**YOUR OBJECTIVE**
Find the line with "Mässing Smycken Set, armband" in the entries below, then output every line from it down to the line with "Día de primavera en el pueblo ruso", exactly and with no pictures.

**EXTRACTED ENTRIES**
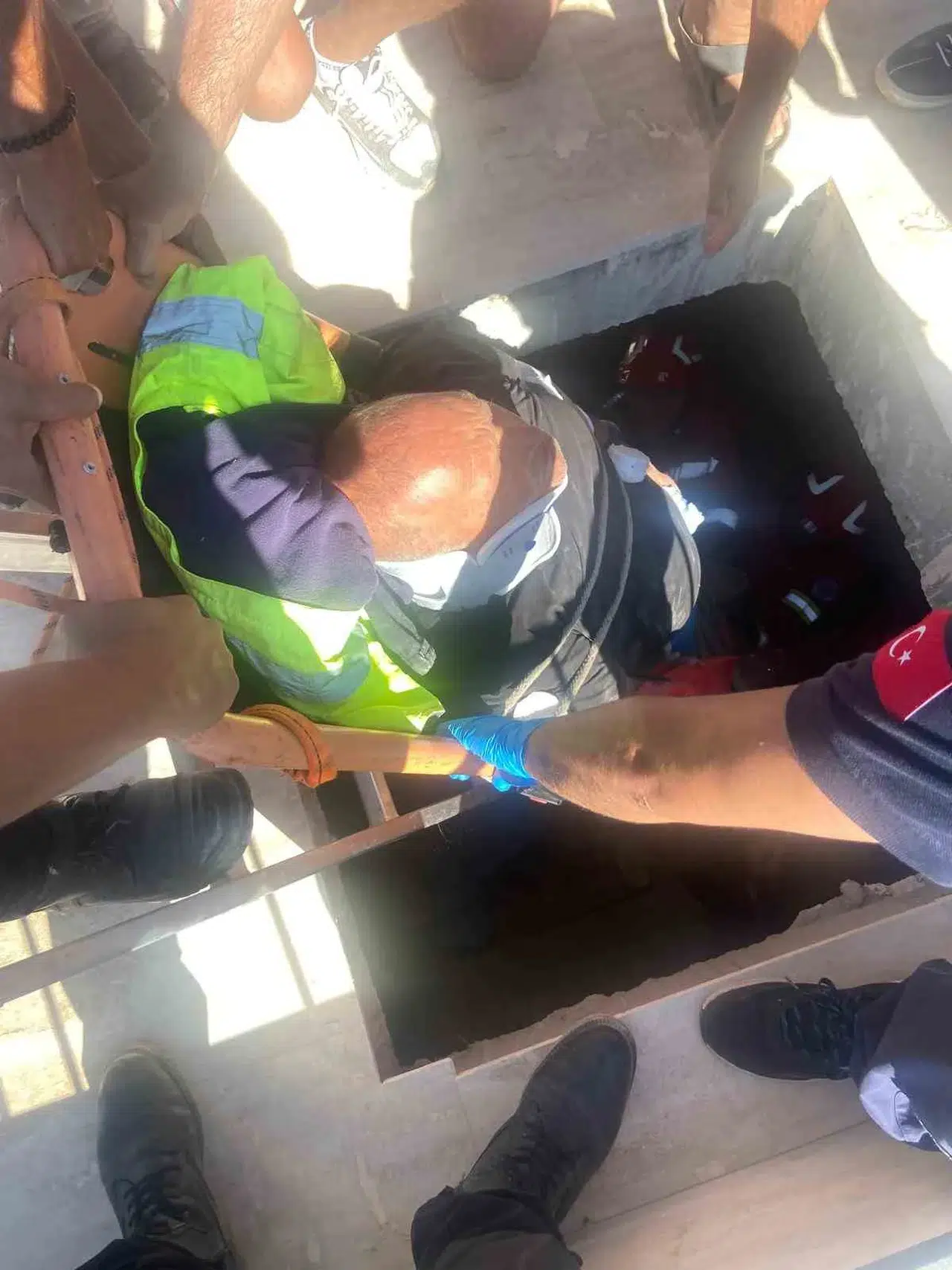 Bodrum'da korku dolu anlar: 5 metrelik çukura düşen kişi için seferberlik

---

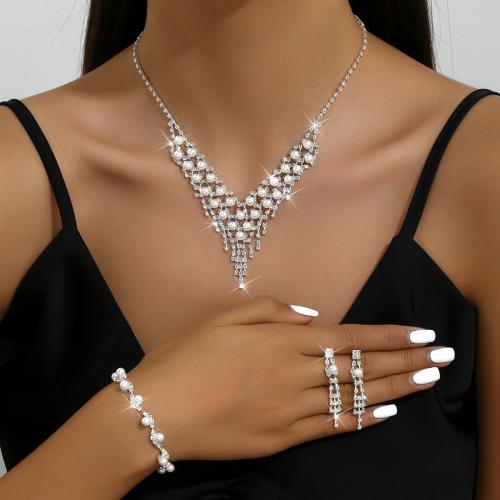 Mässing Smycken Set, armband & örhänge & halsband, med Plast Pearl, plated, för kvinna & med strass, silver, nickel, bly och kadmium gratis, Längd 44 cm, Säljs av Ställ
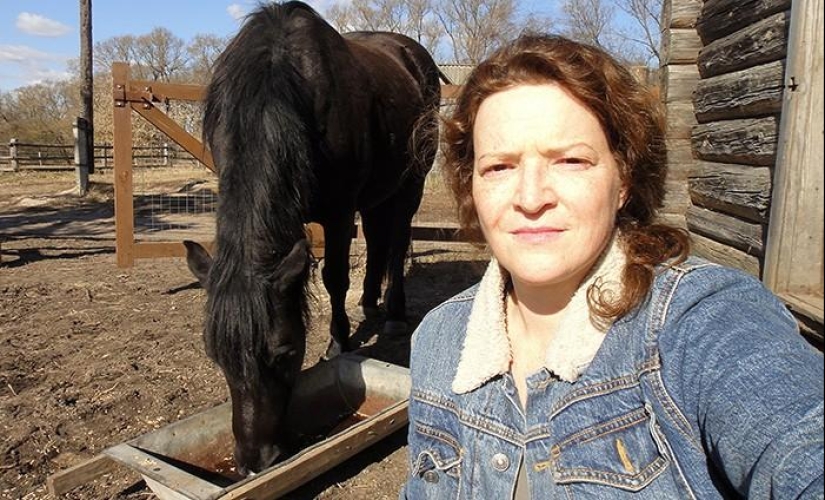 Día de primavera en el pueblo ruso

---

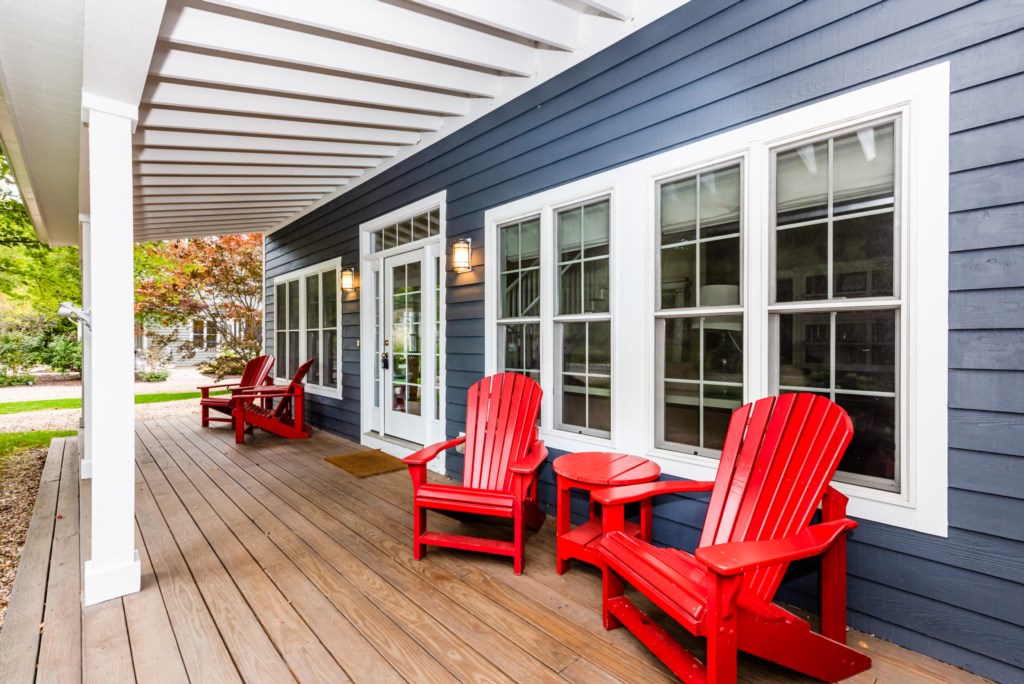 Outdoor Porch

**RESULT FOR THIS EXERCISE**
 Mässing Smycken Set, armband & örhänge & halsband, med Plast Pearl, plated, för kvinna & med strass, silver, nickel, bly och kadmium gratis, Längd 44 cm, Säljs av Ställ
 Día de primavera en el pueblo ruso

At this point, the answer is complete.